Deux remarques acides dont les destinataires les plus évidents sont ceux que cet avocat d’une «révolution fiscale» a en vain tenté de convaincre du bien-fondé de ses thèses: le président François Hollande, le premier ministre Manuel Valls, et les ministres des Finances et de l’Economie, Michel Sapin et Emmanuel Macron. «On ne peut pas oublier qu’avant d’écrire son livre, Piketty s’est beaucoup impliqué dans les réflexions du PS, juge un de ses collègues à l’Ecole des hautes études en sciences sociales (EHESS). Il conseillait Ségolène Royal lors de sa campagne présidentielle de 2007, qui s’acheva par sa défaite face à Nicolas Sarkozy. Il estime que les sociaux-démocrates, en France, manquent de courage, d’audace et d’imagination, notamment en matière fiscale.»
Marquer sa différence
L’intéressé, joint par Le Monde à Boston où il réside actuellement, a démenti. « C’est un peu dommage qu’ils ne m’aient pas contacté avant, ça aurait évité tout ce pataquès (...) En même temps, c’est eux qui publient mon nom dans le Journal officiel sans un mot avant. Le plus simple aurait été un mail, un SMS, un coup de fil… Je leur aurais tout de suite dit que je n’en voulais pas. Et, franchement, ça n’a rien à voir avec l’opinion que je peux avoir de ce gouvernement». Tout en décochant une nouvelle flèche aussitôt après: «J’assume totalement ce que je pense de ce gouvernement, dont l’action ces deux dernières années a été catastrophique, et je n’ai pas besoin d’une Légion d’honneur pour le dire ou pour l’écrire». Le président français François Hollande, qui sera lundi matin l’invité de la radio France Inter, sera à coup sûr prié de réagir.....

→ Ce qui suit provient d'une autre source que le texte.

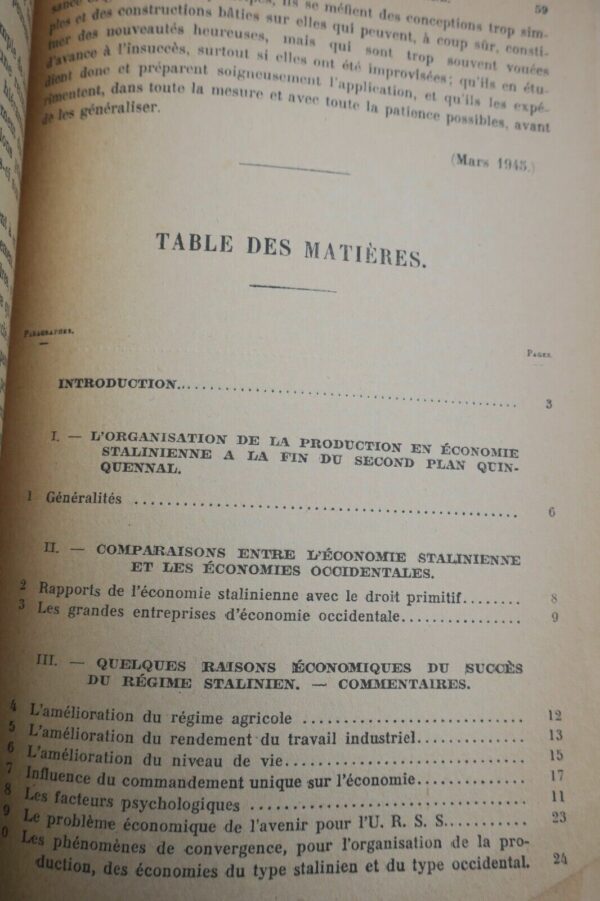 Staline  A PROPOS DE L'ORGANISATION DE LA PRODUCTION EN ECONOMIE STALINIENE 1945 – Image 4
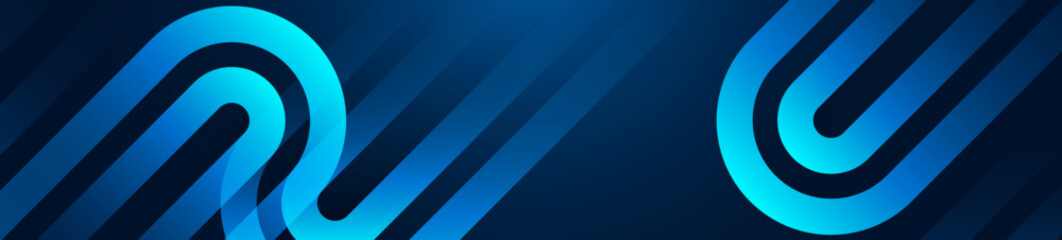 Abstract blue glowing diagonal geometric shapes on dark blue background. Modern shiny blue gradient rounded rectangle design. Dynamic shapes. Futuristic concept. Vector illustration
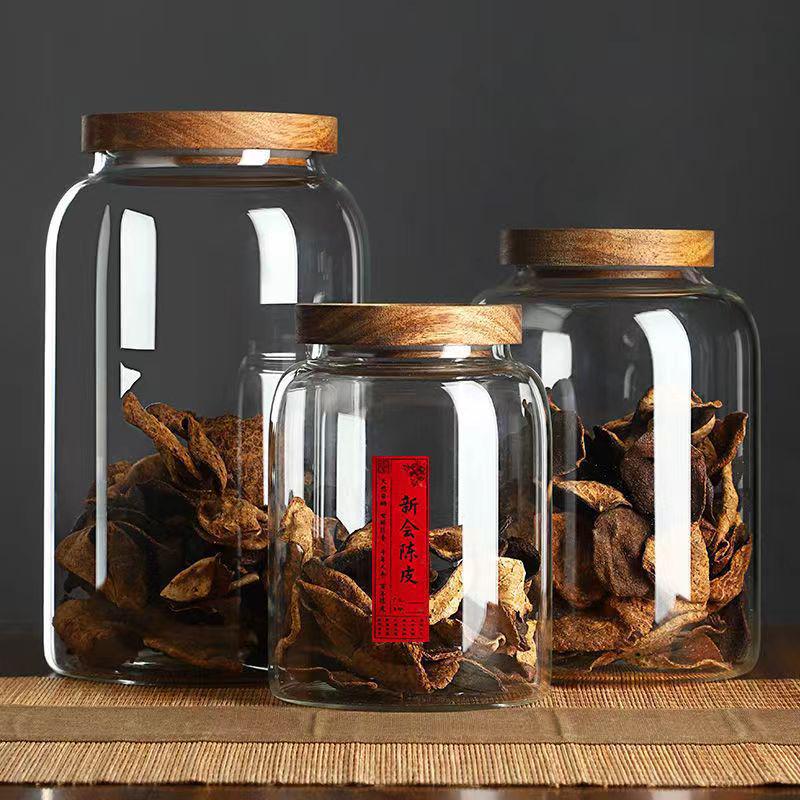 Airtight Glass Jar for Tangerine Peel, Tea, Dried Fruit Storage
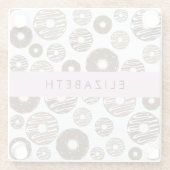 チョコレートドーナツ,キャラメルドーナツ,アイシング,あなたの名前 ガラスコースター (裏面)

«Ses tournées à l’étranger lui ont démontré combien la classe dirigeante française est provinciale, reprend notre interlocuteur. Vu son succès, il peut se permettre maintenant de trier dans les honneurs en privilégiant ceux remis par ses pairs, comme le Prix Yrjö Jahnsson d’économie reçu en 2013.» Les rivalités entre intellectuels, toujours en vogue dans l’Hexagone, pourraient aussi expliquer son geste: le fougueux Piketty voulant à tout prix marquer sa différence avec l’autre économiste français vedette de 2013: le discret Prix Nobel toulousain Jean Tirole, élevé lui, le 31 décembre, au grade d’officier de la Légion d’honneur.
Les «frondeurs» du Parti socialiste, partisans d’un plus fort ancrage à gauche et résolus à combattre le projet de loi sur l’activité économique du très social-libéral Emmanuel Macron – attendu au parlement en janvier – seront sans doute ravis de son refus. D’autant que l’une de leurs meneuses, l’ex-ministre de la Culture, Aurélie Filipetti, eut dans le passé avec le chercheur une relation sentimentale orageuse, avant de convoler désormais avec l’ancien ministre du Redressement productif, Arnaud Montebourg. Mais gare aux confusions: «Piketty incarne une nouvelle figure d’intellectuel, nous expliquait en novembre la dirigeante des jeunes socialistes français Laura Slimani. Il veut pouvoir parler fort et s’adresser au grand public. Sans être récupéré.»